Can you call The Invisible Man a “must see” movie? I can!
How to describe Universal’s Dark Universe? Awful? Yeah. Awful about sums it up. From Dracula Untold to The Mummy, the effort to resurrect golden age monster mash movies has gone over like a turd in the Black Lagoon. This year, I’m hoping The Invisible Man turns that trend around.
Unlike other entries in the Dark Universe, Invisible Man isn’t looking to be a big action blockbuster.

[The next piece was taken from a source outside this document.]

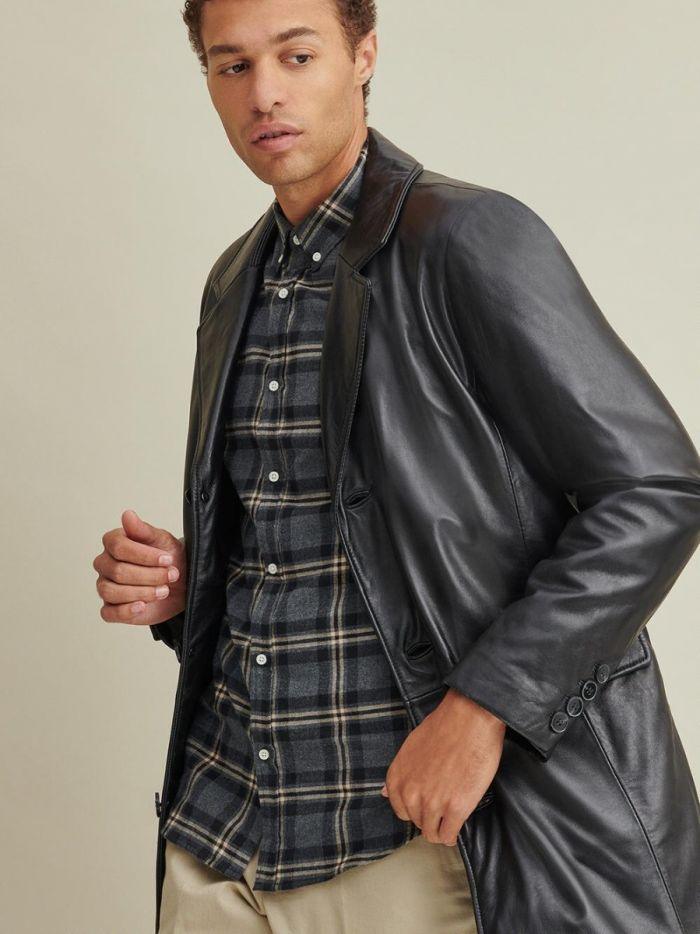 Qawach Leather BLACK LEATHER MEN'S TRENCH COAT detail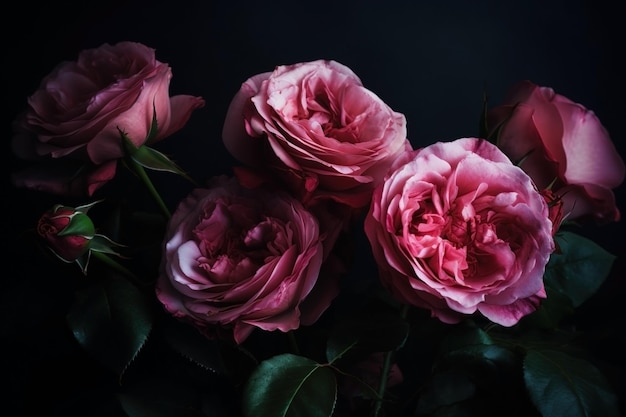 Pastel pink roses closeup dark romantic background Ai generated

Instead it’s looking to be creepy as hell. And timely. Banking on Elizabeth Moss’ cultural cachet when it comes to communicating women’s fear and anger, The Invisible Man looks to deftly reinterpret the material to deal with abuse, stalking, and gaslighting. I can’t wait.
The Invisible Man (2020).
Cecilia (Elizabeth Moss) flees her controlling and abusive relationship to a wealthy scientist. Soon, she learns that her ex has committed suicide, and left his estate to her. Instead of feeling safe, Cecilia begins to believe that her ex, unseen by those around her, is still stalking her.
Video on Demand.
Rocker Glenn Danzig directs a horror anthology based on stories from his comic book line.
After a lifetime of abuse and manipulation, Anna returns to her childhood home to take on those who sold her into prostitution.
Disappearance at Clifton Hill.
Abby returns to her family’s old motel near Niagara falls after the death of her mother. She becomes haunted by a childhood memory of seeing a young boy abducted from the woods near the property.
Blood on Her Name.
Leigh kills a man in self-defense, but fearful of losing her son and business, hides the crime.
All the Bright Places (Netflix).
Two young people touched by mental illness find a chance at understanding and love in each other.